5 Burning Questions Surrounding Oracle Right Now

Some troubling, lingering questions are casting a cloud over Larry Ellison & Co.'s current party.

Right before the big holiday break in mid-December, Oracle executives somewhat quietly delivered the vendor's second quarter (FY 2010) results.

Christmas came a bit early for Oracle: Revenue increased 4 percent and net income leapt 12 percent, when compared to the same period last year.

Even new software-license revenues, which during Q1 2010 declined a whopping 17 percent, grew a surprising 2 percent in this second quarter. CEO Larry Ellison and his lieutenants offered up rosy snapshots of growth and stability amid loads of cash ($8.4 billion in free cash flow generated during previous 12 months) and a positive outlook to the end of the Sun Microsystems acquisition saga.


Those highlights certainly would be just cause for a raucous celebration around Larry's Lagoon. But Oracle execs must address several lingering questions and disconcerting, systemic issues now—or there could be a lot less celebrating going on in the vicinity of Redwood Shores, Calif.

Maintenance Margin Madness?

The Q2 results are real ($5.9 billion in total revenues), but are they spectacular? Not really. Peel back a layer, and something starts to stink a bit: Those maintenance and support fees that customers pony up tallied an astounding $3.2 billion in revenues last quarter, against just $264 million in related expenses. The profit margin, for those scoring at home, is 92 percent.

That, obviously, is not the problem.

The problem, as detailed by Informationweek's Bob Evans, is that after accounting for Oracle's operating expenses, the maintenance business achieved $3 billion in profitability while the rest of the company's operations lost $800 million.

In this quarter, then, the cash cow that is software maintenance has never been more obvious. But what if many of customers start declining their Oracle renewals and take their business elsewhere?

Contented or Locked-In Customers?

The maintenance quandary leads to the next vital question: Whether customers are contented cows, satisfied with the proverbial Oracle teat, or just locked-in heifers that are too lazy and well-fenced-in to amble down to another farmer's grounds?

Oracle executives, in delivering the second-quarter results, staunchly contend it's the former, claiming that its enterprise software and database customers have been renewing at record rates, though they didn't provide any supporting data.

But locked-in can only work as a business model for so long, especially as the depth and breadth of new enterprise software options (ERP, CRM, BI and supply chain apps) expand even more in 2010 and beyond.

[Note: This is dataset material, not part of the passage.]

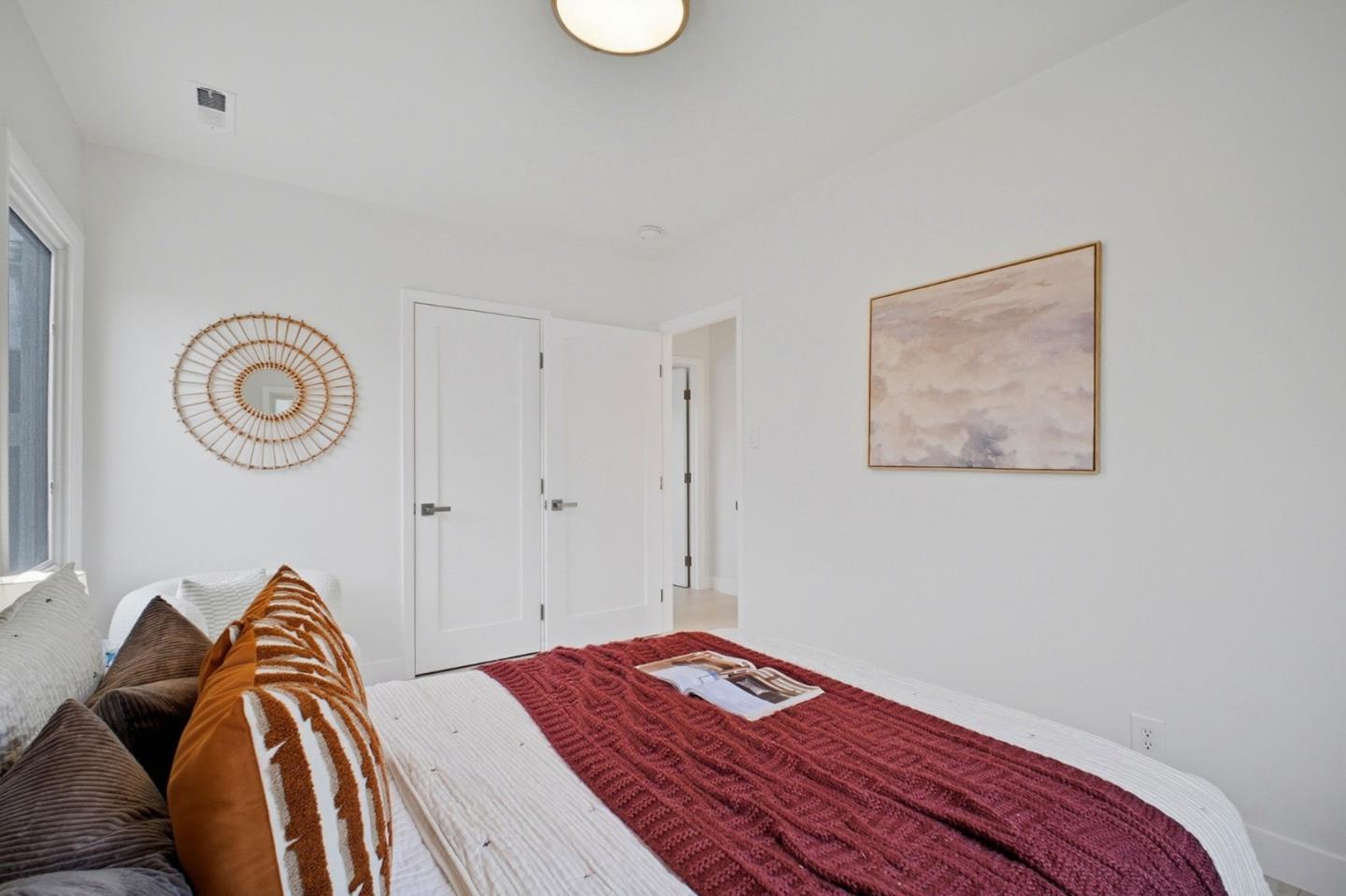 Detail Gallery Image 14 of 31 For 14240 Rose Dr, San Leandro,  CA 94578 - 2 Beds | 1 Baths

Why Isn't Oracle's Stock Flying High?

I'm certainly no Wall Street expert and do not understand the intricacies of how financial analysts value Oracle's share price. (For the record: I've tried in the past, but no financial analyst has ever agreed to speak with me on how they assign "Buys" or "Sells" to Oracle and other high-tech vendors.)

But since the dotcom implosion, the ORCL share price has hovered in the teens and twenties, which always struck me as oddly and even embarrassingly low.